My devious threenager

Normally it’s pretty easy to know what to do as a parent – they’re good, you praise them, they’re naughty, you punish them. This is just as true with new behaviours as old, because you generally expect the ways they behave, either as a natural part of child development or an extension of your own personality. They start to bite? You know how to deal with that. They hit you? You hit them right back (joking!).

However, my three-year-old’s recent behaviour has thrown me through a loop, because it’s so unexpected I have no idea how I feel about it and, consequently, no idea how to treat it. It’s just so naughty yet so gosh-darned smart I can’t help but admire it, and as it’s the first truly individual expression of her own personality, I don’t really want to squash it.

For at least a year now, my daughter has not been allowed a dummy, so imagine my surprise when I checked on her in the middle of the night to discover her asleep with a dummy in her mouth, only to have that dummy disappear by morning. This happened two or three nights in a row – no dummy at bedtime, no dummy in the morning, but a dummy in the middle of the night – so I casually asked her about it over breakfast.
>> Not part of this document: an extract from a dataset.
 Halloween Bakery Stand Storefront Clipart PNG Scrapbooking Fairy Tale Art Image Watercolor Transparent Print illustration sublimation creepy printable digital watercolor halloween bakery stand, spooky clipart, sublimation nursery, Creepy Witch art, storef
‘Oh,’ she said. ‘That’s my secret dummy.’

‘Your secret dummy?’ I asked.

She nodded. ‘I keep it in a secret place.’

‘You know you’re not allowed dummies, right?’

‘I know, but it’s my secret dummy,’ she said, ‘and I only use it when I need to.’

Well, what the hell can you say to that? She’s not allowed a dummy, but the fact that she has a secret life that goes on unobserved by her parents, an independent little three-year-old world that’s entirely hers, is crazily advanced and individualistic, and I’d feel like a real meanie taking that away from her.

Also, I have no idea where she hides it!

This strange, devious streak infuses much of her behaviour. If I tell her she has to eat her dinner before she can have pudding, she’ll dutifully clear her plate. We’ll have a great evening, and then after I’ve put her to bed, I’ll start to tidy and discover her dinner hidden under a cushion or on a shelf. I’ve also caught her slipping food onto her sister’s plate, since my youngest – aka The Hoover – will scoff it down before anyone notices.

She’s also cunning with her excuses. Not when she blames her sixteen-month-old sister for things, or says she has her sister’s permission, or that her sister, who can’t talk yet, told her to – because that’s pretty easy to see-through. But some of her excuses are so, well, plausible, I sometimes wonder who’s the one being unreasonable.

Last night, for example, I caught her drawing on the walls with a set of coloured lip  salves she got for Christmas. Of course, I hit the freaking roof. But her excuse? On an episode of the TV programme Bing, they paint a rainbow on Sula’s wall to make the room pretty, and she thought she’d make it pretty for us as a nice surprise. She knows she’s not allowed to draw on the walls with pens or pencils or crayons, which is why she did it with coloured lip balm. And doesn’t it look nice?

Oh. Well, when you put it like that, it doesn’t seem quite so unreasonable. In fact, punishing you for it is what seems unreasonable. So, like, don’t do it again, okay?

And that’s happening every day at the moment. I look at my daughter and think, Aren’t I supposed to be telling you off right now? I’m not even sure myself. Maybe that’s a good thing.

Or maybe it means she’s winning.

2 thoughts on “My devious threenager

  1. You reward or punish the intent, not the action. If the intent was good but the action was bad you explain why it turned out not to be a good thing to do, and maybe help her achieve the intent in a better way. I admit that (apart from the waste of lip salve) whether a rainbow on the wall is good or bad is an artistic, and thus personal and critical, judgement.

    My biggest worry would be a dummy that hadn’t been washed in over a year.
    Then again, this may be proof that I am over-worrying ?
    Can you discover its hiding place by getting her to wash it ?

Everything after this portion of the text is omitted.